Note 9 to these financial statements indicates that we need additional funds for
our plan of operations.  This condition raises substantial doubt about our
ability to continue as a going concern.  The financial statements do not include
any adjustments that might result from the outcome of this uncertainty.  Our
audit report and financial statements are included herein as "PART F/S".

     Ability to Fund Business Strategy.  Our business strategy will require that
substantial capital investment and adequate financing be available to us for the
development of operations and additional equipment and facilities.  Should we be
unable to obtain the amount of capital for anticipated needs, we may be required
to obtain financing through borrowings or the issuance of additional equity or
debt securities, which could have an adverse effect on the value of the existing
common stock.

                                       5



     Unproven Acceptance of Our Business and Marketing Plan - No Formal Market
Surveys.  Currently we plan to prepare and implement a marketing plan in
connection with our niche market.  No formal market studies have been undertaken
by us as of the date of this document. We intend to conduct a marketing survey
in the future, subject to the availability of funds. There can be no assurance
that our planned services will achieve market acceptance (or sufficient market
acceptance to make our operations commercially viable) among our target market.
The failure of our services to achieve market acceptance (or sufficient market
acceptance to operate profitably), would have a material adverse effect on our
business and financial condition and could result in our failure to achieve, or
sustain, viable commercial operations of any kind in the future.

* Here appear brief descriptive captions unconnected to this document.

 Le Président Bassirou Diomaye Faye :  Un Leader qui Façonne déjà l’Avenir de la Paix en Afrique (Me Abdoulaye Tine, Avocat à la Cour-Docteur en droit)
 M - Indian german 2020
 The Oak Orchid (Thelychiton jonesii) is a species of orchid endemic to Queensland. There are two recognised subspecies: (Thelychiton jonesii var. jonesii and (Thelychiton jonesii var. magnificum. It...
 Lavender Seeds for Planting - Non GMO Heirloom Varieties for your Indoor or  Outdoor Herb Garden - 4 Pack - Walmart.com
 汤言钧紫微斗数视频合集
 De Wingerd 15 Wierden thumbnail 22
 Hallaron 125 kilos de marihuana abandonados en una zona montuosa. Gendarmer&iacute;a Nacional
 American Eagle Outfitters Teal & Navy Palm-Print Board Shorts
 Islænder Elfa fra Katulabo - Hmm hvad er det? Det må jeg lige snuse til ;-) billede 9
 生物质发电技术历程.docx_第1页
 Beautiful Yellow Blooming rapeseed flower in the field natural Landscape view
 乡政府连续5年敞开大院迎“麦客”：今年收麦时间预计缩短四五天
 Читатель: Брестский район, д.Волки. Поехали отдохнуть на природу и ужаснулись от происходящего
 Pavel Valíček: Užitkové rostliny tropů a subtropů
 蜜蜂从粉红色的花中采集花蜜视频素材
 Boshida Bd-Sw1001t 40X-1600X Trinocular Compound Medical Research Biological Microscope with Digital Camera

     Uncertainty As To Management's Ability To Control Costs And Expenses.  With
respect to our planned business operations, management cannot accurately project
or give any assurance, with respect to our ability to control development and
operating costs and/or expenses in the future. Consequently, even if we are
successful in implementing our planned growth (of which there can be no
assurance), if management is not able to adequately control costs and expenses,
such operations may not generate any profit or may result in operating losses.

     Possible Adverse Effect of Federal and State Laws. We are subject to the
regulations of the U. S. Fish and Wildlife Commission in regard to the
protection of endangered species. Such regulations prohibit the importing of any
endangered species items, such as Ivory and Crocodile, and documentation is
required to prove that an animal was killed before it was classified as
endangered. Items that are classified as antiques must be over 100 years old and
documentation is required. In addition, we are subject to the laws and
regulations of the U. S. Customs Department. Compliance with such laws and
regulations may have a material adverse effect on our operations, profitability,
and ability to service clients.

     Possible Adverse Effect of Government Regulations and Future Regulatory
Changes Regarding the Internet. Although our new business plan and marketing
strategy are not subject to any regulations governing the Internet, services
which are provided via the Internet or the companies which provide such
services, it is likely that, in the future, such regulations will be put in
place.  Although it is not possible to predict the extent of any such future
regulations, and although management is not aware of any pending regulations
which would be applicable to our business operations, it is possible that future
or unforeseen changes may have an adverse impact upon our ability to continue or
expand our operations as presently planned.  The extent of such regulations is
impossible to predict, as is the potential impact upon our business operations
in accordance with our business plan.

     No Dividends.  We have not paid any dividends nor, by reason of our present
financial status and contemplated financial requirements, do we anticipate
paying any dividends in the foreseeable future.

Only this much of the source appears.